Vulnerability is a petrifying thing. Being completely exposed to the possibility of being harmed, physically or emotionally. Yep. That's the definition. Let those words sink in for a minute. You're in harm's way, at the very minute you start to feel raw, and quite powerful, emotions that are meant to be felt. Vulnerability is a petrifying thing.
My nightly Grey's Anatomy binge grabbed my attention, sparking a whole train of thoughts about this crazy thing we call vulnerability. Shonda Rhimes, the creator of "Grey's Anatomy," succeeded in her worldly attempts to wreck me by assigning the powerful line, "Boundaries don't keep people out, they fence you in," to the main character, Meredith Grey.
No one ever specifically told us to conceal our feelings and emotions, but it's in our humanly instinct to want to avoid any sense of embarrassment. However, there's also something in our human nature that acknowledges this fear of being exposed, yet encourages us to not bottle everything we are up and shove it way down deep.
Eventually, coming from personal experience, those emotions you swallow and never allow to see the light of day, often times surface and all the wrong times; all at once, until you're drowning in the sea of issues you could have dealt with earlier on. Perhaps this is why it's been given the definition it has. We keep it hidden in the dark for so long it becomes an unknown: a scary unknown that we have to train into existence.

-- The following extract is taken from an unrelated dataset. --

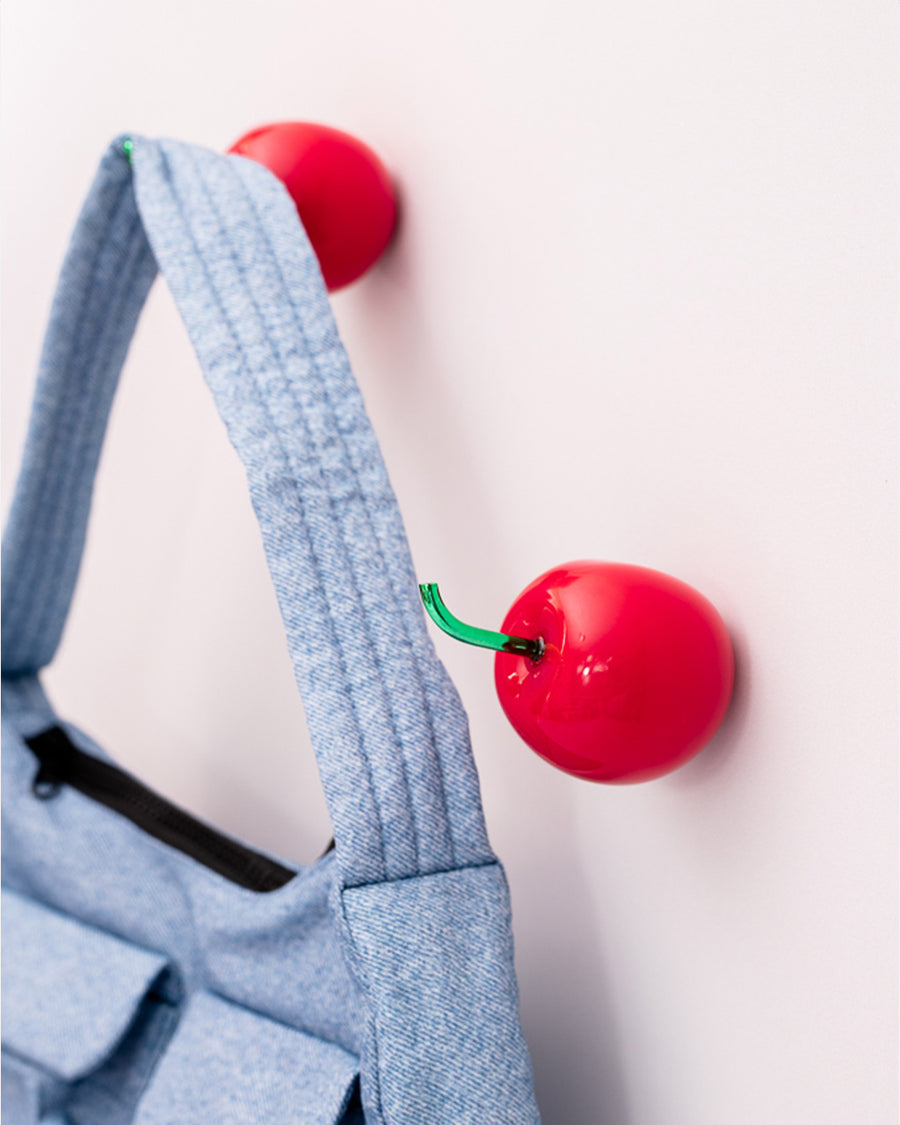 set of 2 cherry shaped hooks on a wall with a bag hanging from one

Boundaries aren't created just for your relationships with others: they're created for the relationship you have with yourself too. Regardless of how high or thick, you build the walls around yourself, the things that hit a little too close to home will always find their way in. As for you? Your vulnerability should be boundless. It should be limitless and outpouring in no specific direction. Being vulnerable isn't just a petrifying thing: it's beautiful, natural and more importantly, it's a necessary thing.

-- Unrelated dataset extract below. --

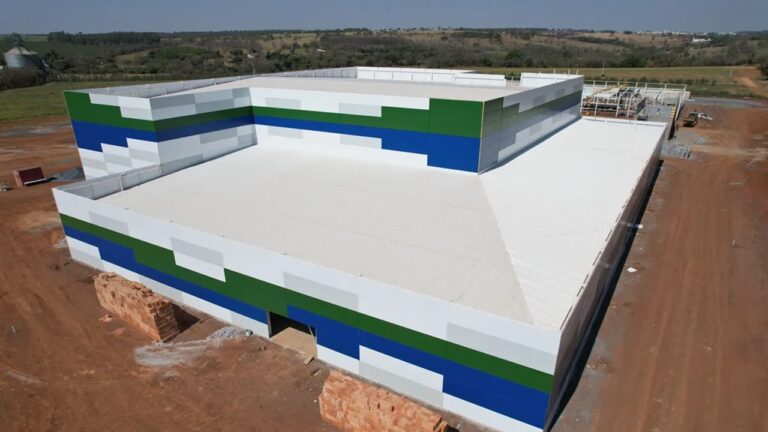 Prédio industrial de grande porte com faixas verde e azul em construção em área rural visto de cima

We live in a world that is striving to accept others however they are; you better believe that the ability to feel everything so purely is a gift, and an accepted one at that. One of my favorite chapters of the Bible is Ecclesiastes 3, not only because it solidifies the point I'm trying to make but also because the movie Footloose recites some of it. It says, "For everything, there is a season... A time to cry, and a time to laugh, a time to grieve and a time to dance."
There's a time to be vulnerable, so don't fence yourself in, trapped with your unvocalized emotions surrounding you. Find a friend you're comfortable with and share. Start journaling. Praying. Running. Crying. Whatever it takes for you to find the sense of relief you need from the things that knick your emotions just a bit too deep. Your ability to be vulnerable is a gift. A beautiful, petrifying and powerful gift. Use it.